Fortinet’s conference calls (both of them) are always entertaining affairs. One Ken (Goldman) always sounds ebullient and answers questions with a sort of semi-religious fervor. The other (Xie) focuses on the technical aspects of Fortinet’s product range in quite dry language. It is a compelling combination and it is certainly working. Both are keen to point out that Fortinet is taking market share from the likes of Juniper Networks $JNPR, Check Point and Cisco Systems $CSCO. According to industry analysts, Fortinet is now in fourth place behind these far larger companies.
I suspect that Fortinet is taking market share in the mid-range market. Its traditional strength is in the SMB market, where its Unified Threat Management (UTM) solutions give its customers overall protection, whereas at the higher end customers have usually gone for more sophisticated solutions from the other vendors mentioned above. In an age of slowing discretionary IT spending, it is possible that the mid-market is deciding to trade down into buying Fortinet’s solutions.
Indeed, the company’s commentary somewhat reflects this. For example, the deals over $100k in the quarter numbered 168 this year versus 127 last year, and the deals over $250k numbered 55 versus 37 last year. Deal size does appear to be getting bigger.
Check Point and Cisco have new products coming out and it will be interesting to see if this enables them to reduce ticket price. In Check Point’s case I doubt it (it has a razor/razorblade model), although it would more likely lead to better product sales than it has reported recently.
New Operating System
An interesting development for Fortinet this year will be the launch of its new operating system and a performance enhancing ASIC. Essentially , Fortinet believes the new operating system is necessary to address the changes in the nature of security threats. The new ‘FortiASIC’ will give it more computing power to address security threats from content and applications.
Management was keen not to guide towards some sort of pick up in end demand following the release of some pent-up demand that had been waiting for the new operating system and ASIC. However, I note that sequential growth is forecast to be relatively better in Q4 than Q3, so perhaps there is an element of this baked in?
The Bottom Line
It is hard to argue that the stock is particularly cheap, but it is performing, and in my experience any stock with sustainable mid teens earnings growth prospects for the next few years trading on a decent cash flow yield usually produces very good performance.
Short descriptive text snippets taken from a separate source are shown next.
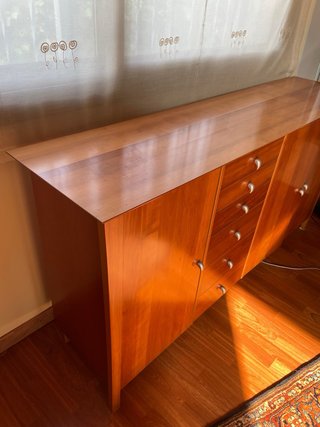 Mueble de madera marrón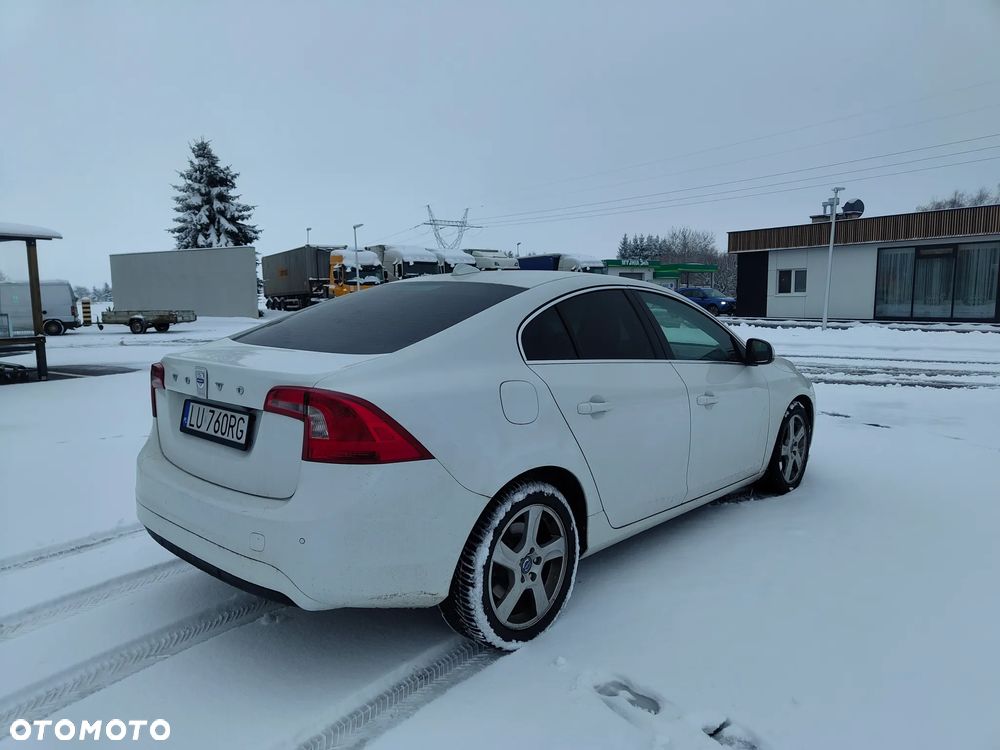 Volvo S60 D4 Summum - 4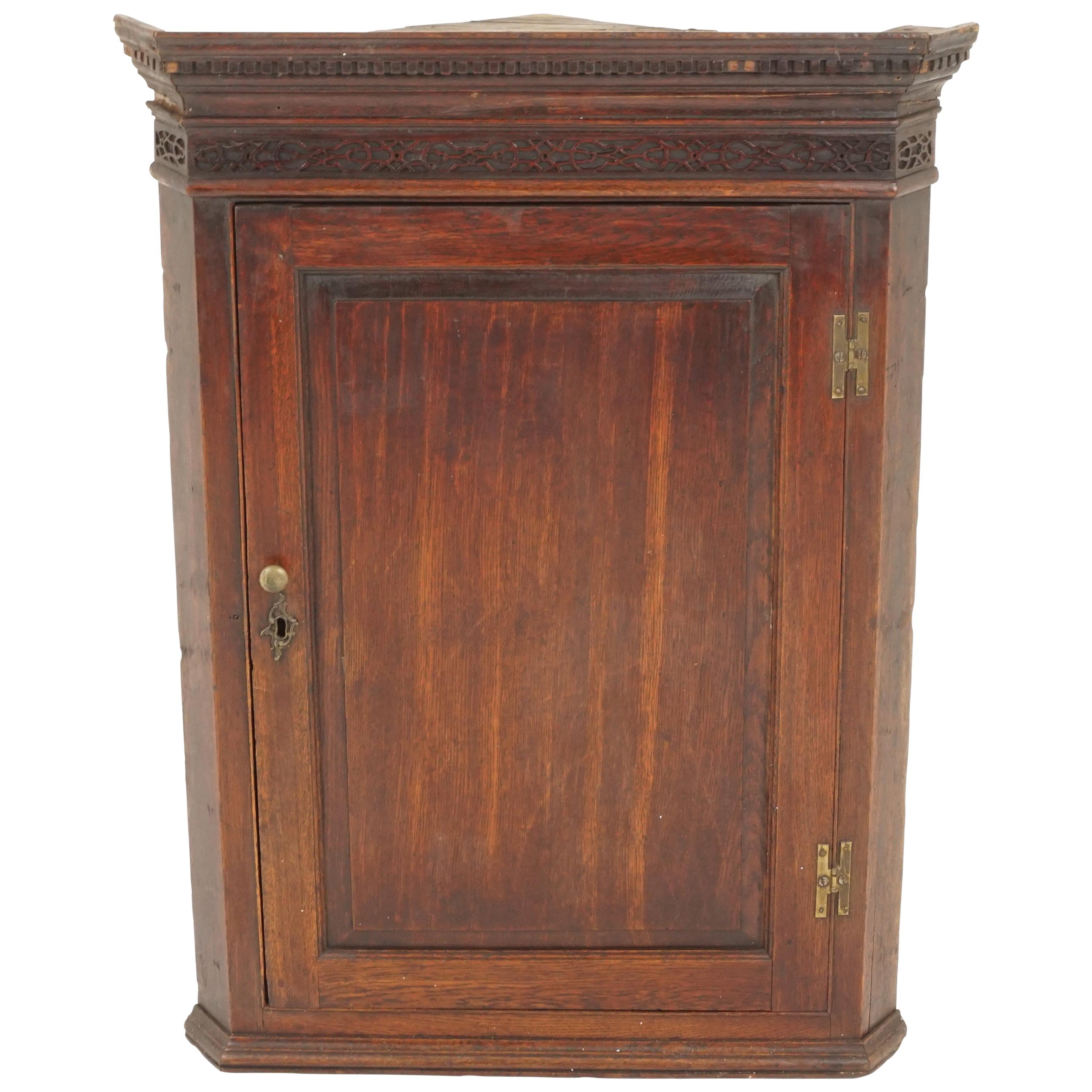 Ancienne armoire d'angle suspendue en chêne, Écosse 1800, H122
In the case of Fortinet, management is forecasting $165-170m in free cash flow this year, which implies a FCF/EV evaluation of around 4.7% with a stock price of $25.09.
This looks cheap but it requires confidence in Fortinet to 'do its numbers.' I think with expectations now lowered, it is more likely that it can hit these targets. Investors will have to watch Check Point and Juniper and see if they start to react to Fortinet encroaching on the mid market. Another possible value 'outer' is a bid, and IBM $IBM has long been mooted as a potential acquirer. IBM does seem to have a gap in its product range for the SMB market.
In terms of its end markets, the usual caveats over global growth need apply. That said, Fortinet remains attractive at this price and for its growth prospects. A good GARP candidate.